EU-Flagge vor dem britischen Parlament
Reuters/Gonzalo Fuentes
London bestätigt

Briten nehmen an EU-Wahl teil

Die britische Regierung hat das Vorhaben, das EU-Austrittsabkommen noch vor der EU-Wahl durch das Parlament zu bekommen, aufgegeben – damit wird das Vereinte Königreich definitiv an der Wahl zum neuen Europäischen Parlament teilnehmen. Wie der britische Vizepremierminister David Lidington am Dienstag in London bestätigte, werden die britischen Wahlberechtigten demnach am 23. Mai an die Urnen gerufen.

Selbst im Falle einer Brexit-Einigung sei die Zeit Lidington zufolge „bedauerlicherweise“ zu knapp, um die notwendigen Schriftstücke zu einem solchen Abkommen vor der Wahl am 23. Mai ratifizieren zu können.

Nach der zweimaligen Verschiebung des EU-Austritts hatte London eigentlich beabsichtigt, vor dem Wahltermin ein Abkommen durch das Parlament zu bringen, sodass Großbritannien nicht mehr an der Europawahl teilnehmen muss. Das ist nun vom Tisch. Die Regierung werde jedoch ihre „Anstrengungen verdoppeln“, damit die Verzögerung des Brexits „so kurz wie möglich“ ausfalle, sagte Lidington.

Nicht „Idealfall“

„Im Idealfall wären wir gerne in einer Situation, in der die Mitglieder des Europäischen Parlaments ihre Mandate gar nicht erst antreten müssen“, fügte der Vizeregierungschef hinzu. Der Brexit solle bis zur Sommerpause des britischen Parlaments unter Dach und Fach sein. Um das gesteckte Ziel zu erreichen, seien allerdings weiterhin „harte Arbeit und Kompromissbereitschaft“ bei allen Beteiligten notwendig.

Das Europaparlament wird damit weiterhin 751 Abgeordnete haben, darunter 73 Briten. Bei einem bereits vollzogenen Brexit wären nur noch 705 Sitze zur Wahl gestanden. 27 der britischen Sitze wären zudem auf Länder wie Österreich verteilt worden, die derzeit leicht unterrepräsentiert sind. Für Österreich bedeutet die britische EU-Wahl-Teilnahme nun, dass zunächst nur 18 statt 19 Abgeordnete in die Straßburger EU-Volksvertretung gewählt werden.

Wahl am 23. Mai

Das neue EU-Parlament konstituiert sich am 2. Juli. Die Sommerpause des britischen Parlaments beginnt am 20. Juli. Die Europawahl findet über mehrere Tage Ende Mai statt, in Großbritannien am 23. Mai, in Österreich und anderen Ländern am 26. Mai.

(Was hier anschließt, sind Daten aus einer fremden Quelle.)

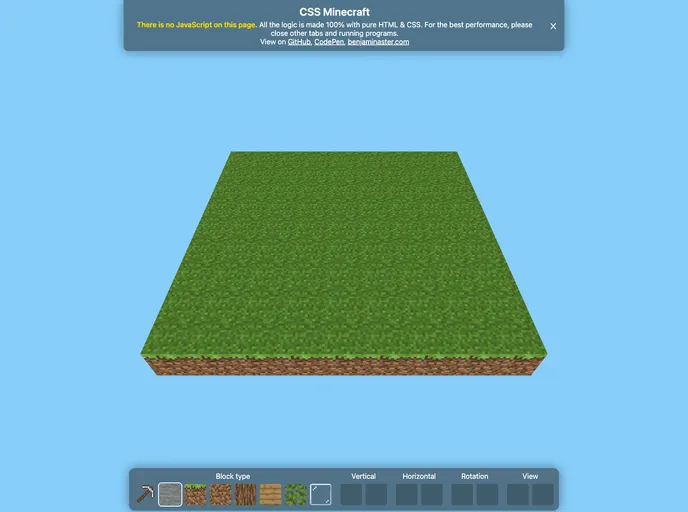 screenshot of CSS Minecraft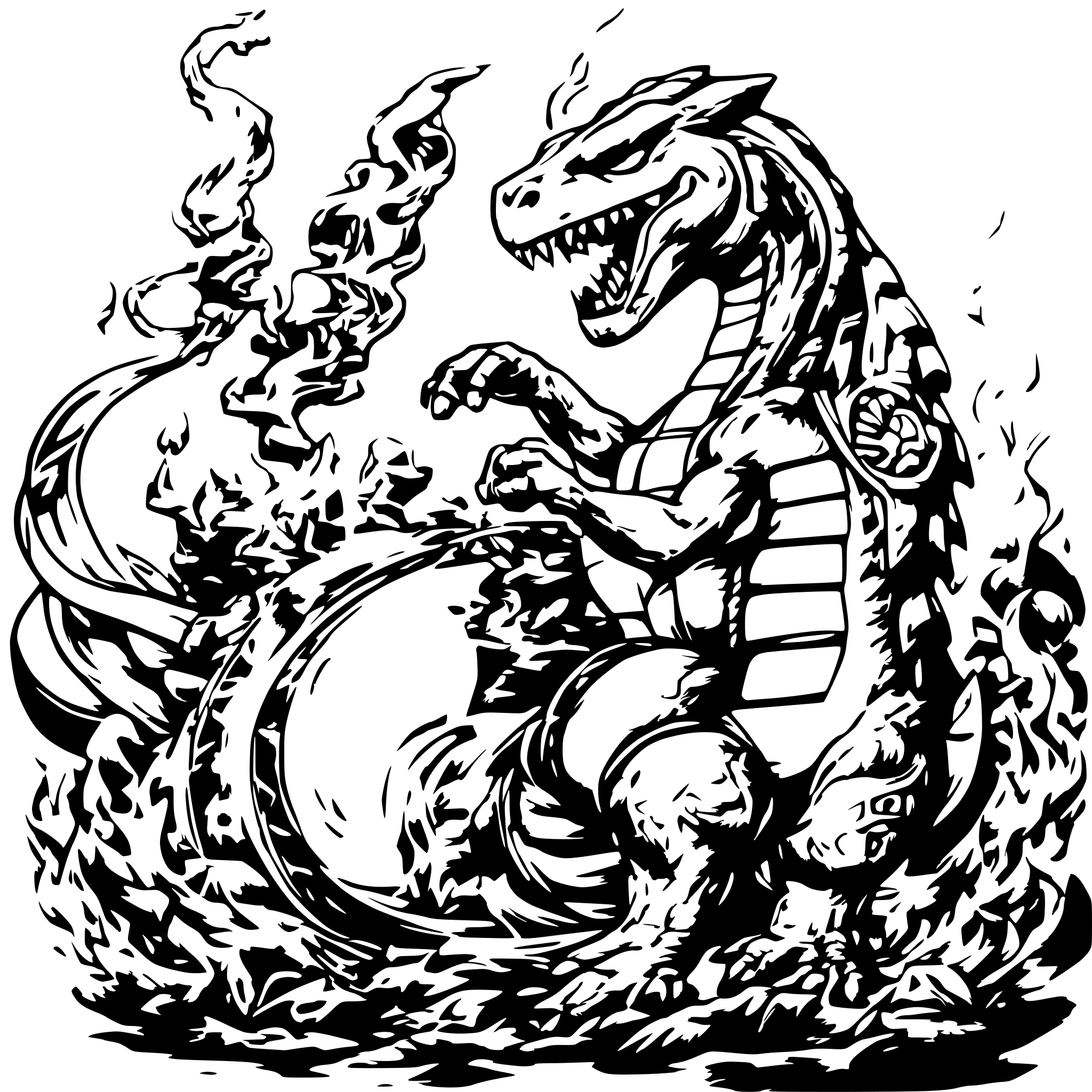AI-generated SVG of a Charizard blowing fire at blastoise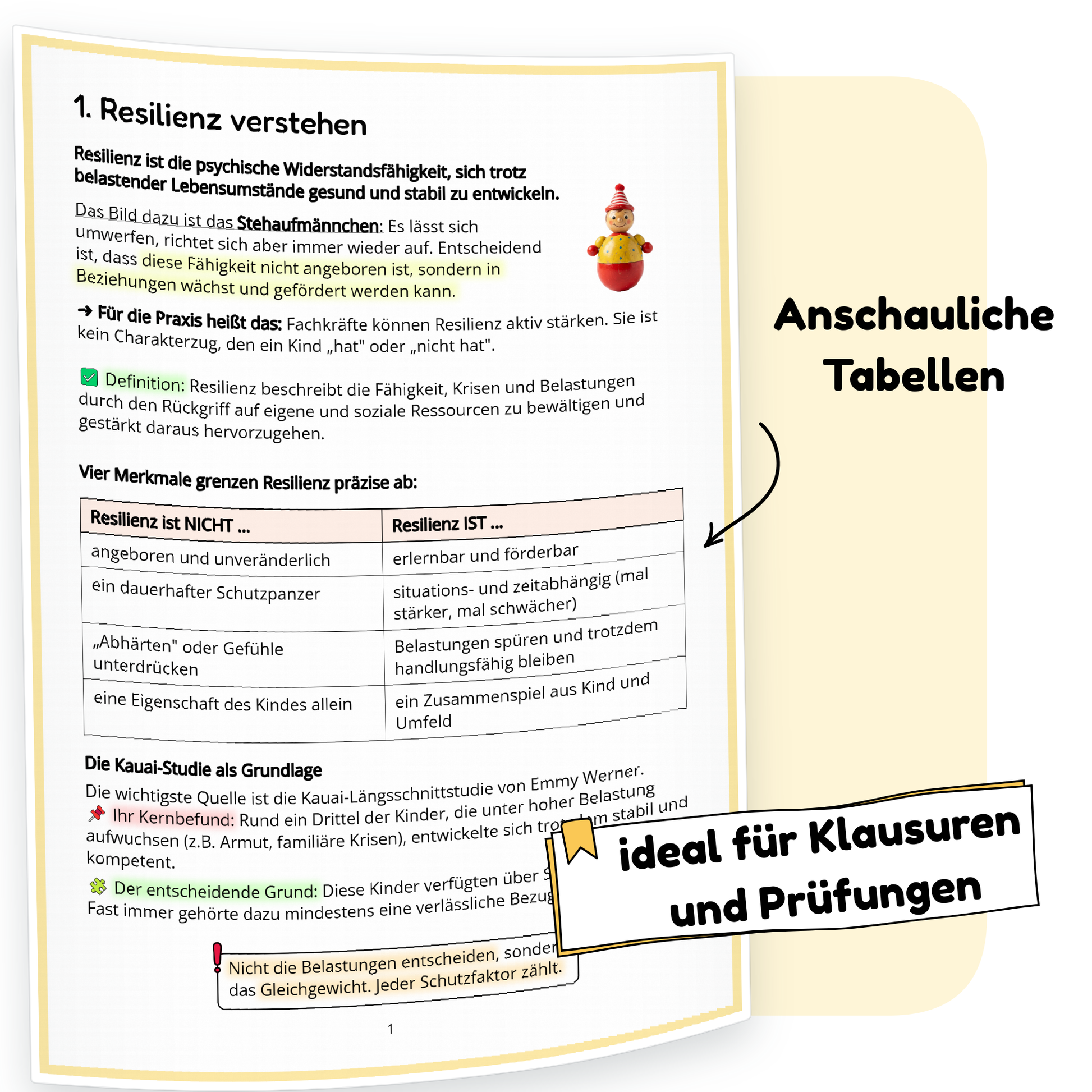 Beispielseite der PDF-Zusammenfassung „Resilienz bei Kindern fördern“ | ErzieherWissen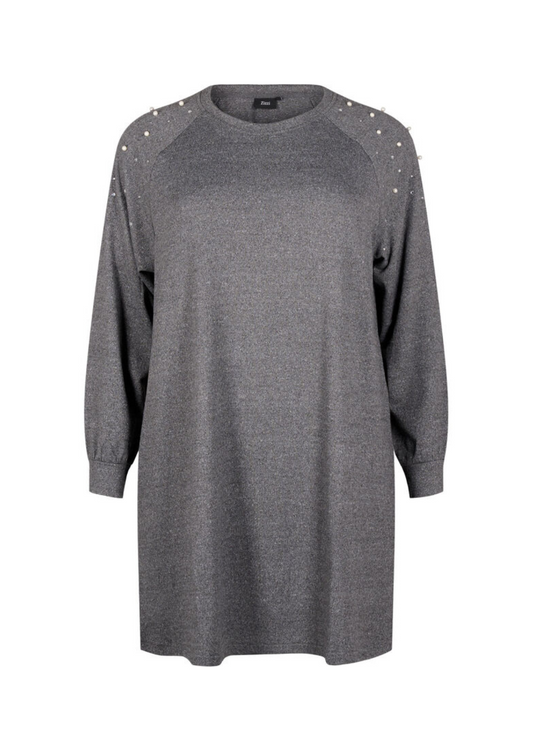 Zizzi Vlucca Pearl Tunic | Grey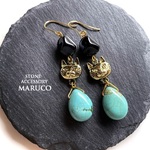 PP700-40ターコイズmagnesite＋猫*天然石ピアス  ｽﾃﾝﾚｽ   *送料無料* イヤリング＆樹脂ピアス交換OK　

Der an sich für 29. März angepeilte EU-Austritt Großbritanniens wurde verschoben, weil das britische Unterhaus den von Premierministerin Theresa May mit der Europäischen Union ausverhandelten Austrittsdeal dreimal abgelehnt hat, zugleich aber mit knapper Mehrheit gegen einen ungeregelten EU-Austritt stimmte. Daher musste May die Europäische Union um einen Aufschub bitten. Dieser wurde gewährt. Nach derzeitigem Stand muss Großbritannien spätestens mit 31. Oktober die Europäische Union verlassen.

Medien: May erwägt zweites Referendum

Mays Torys und die Labour Party verhandeln derzeit über eine Kompromisslösung im Brexit-Streit, doch sind die Fronten verhärtet. Labour beharrt darauf, dass Großbritannien der EU weiterhin in einer dauerhaften Zollunion verbunden bleibt. Das ist eine rote Linie für die Torys, die im Wahlkampf 2017 versprochen hatten, dass Großbritannien nach dem Brexit eigene Handelsverträge mit Staaten außerhalb der EU wird schließen können. Medienberichten zufolge erwägt May daher bereits die Abhaltung eines zweiten Brexit-Referendums.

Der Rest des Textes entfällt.